FOMC rate decision (Wednesday 27th) – The FOMC is expected to confirm at the end of next week’s monetary policy that the QE2 program will finish according to schedule in June despite some members' preference for it to end earlier. Indeed, the Fed’s Chairman Ben Bernanke clearly indicated in his latest speeches that he would not favour an early termination of the program as he judges inflationary pressures as temporary and considers the unemployment rate as still too high. The focus will be on the press conference of Fed Chairman Bernanke at the end of the meeting – the first ever – as it will give more details on the monetary policy outlook. We expect the Fed to continue to reinvest principal payments on the securities it holds in the next few months and we do not expect the Fed to start hiking rates before 2012.
Gross domestic product (Thursday 28th) – Following the 3.1% increase in Q4 ’10, U.S. economic activity is expected to grow at a more moderate pace in Q1 ’11: our estimate is for a 2.2% annualized growth. Consumer spending is likely to be the main contributor to economic growth, even if a slowdown from the previous quarter is expected: from 1% q/q to 0.4% q/q. Total investments are likely to be only slightly positive while net trade is likely to subtract from economic growth, with imports climbing by 2% q/q and exports rising by 0.7% q/q. We expect economic growth to rebound in the following quarters, in line with a 2.8% rate of growth in 2011 as a whole.
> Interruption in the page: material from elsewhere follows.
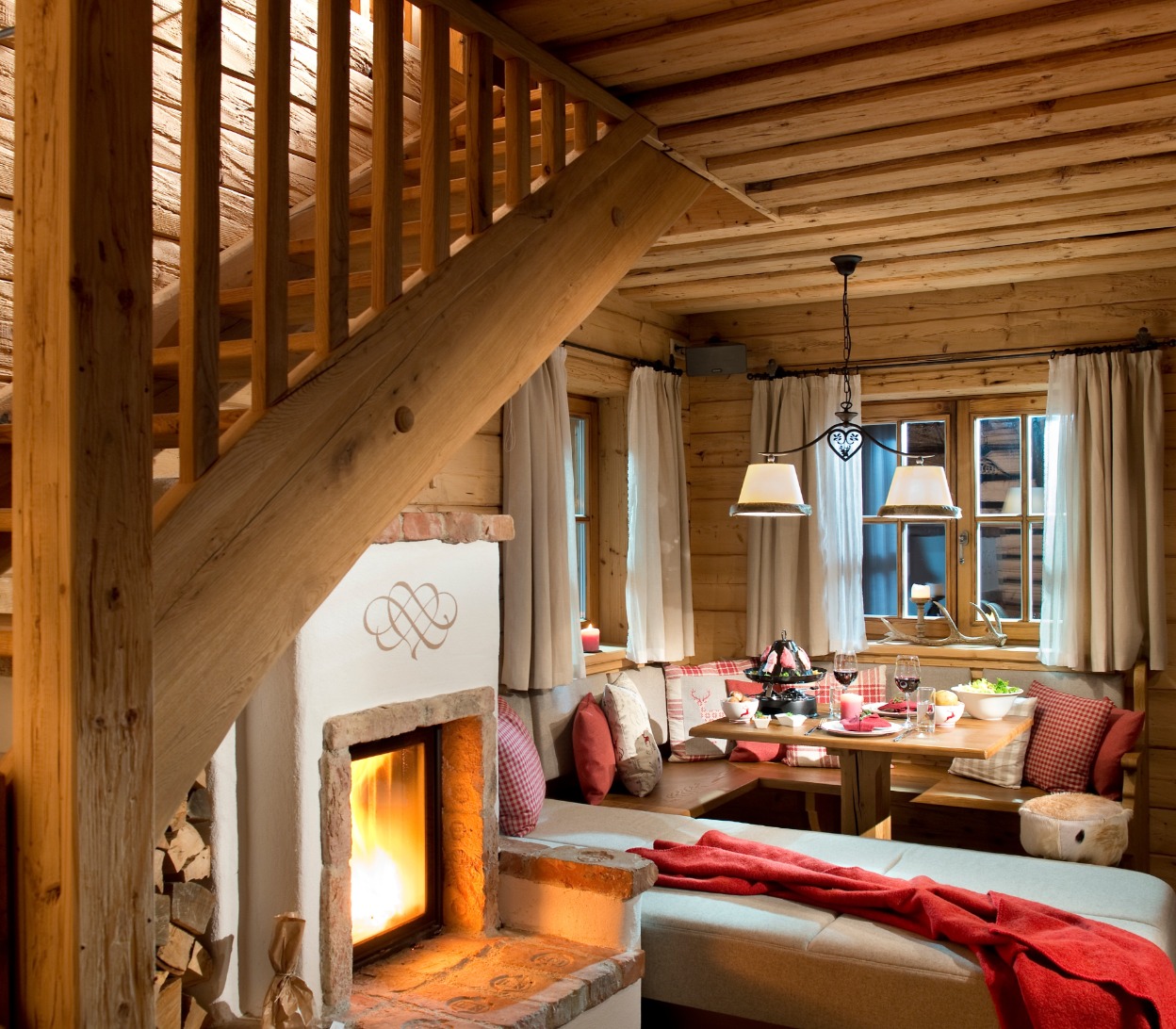 Kamin im Chaletdorf BERGHERZ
Pending home sales (Thursday 28th) – Pending home sales are likely to confirm that the housing market may slightly improve in the next few months following the weakness in early 2011, even if the rate of growth is likely to remain very subdued. Following the 2.1% m/m increase in March, pending home sales are likely to grow by a further 2% m/m, reflecting the slight recovery in the labour market. However this data should not signal a strong recovery for the sector in the next few months.
Chicago PMI (Friday 29th) – In March the Chicago PMI remained close to the highest level since July ’98, edging down from 71.2 to 70.6. In line with business confidence indices already released in April, we expect the Chicago PMI to continue indicating that the industrial sector outlook remains positive in the short term amid the strength in global demand; our estimate is for the index to remain unchanged at 70.6.
Disclosure: I have no positions in any stocks mentioned, and no plans to initiate any positions within the next 72 hours.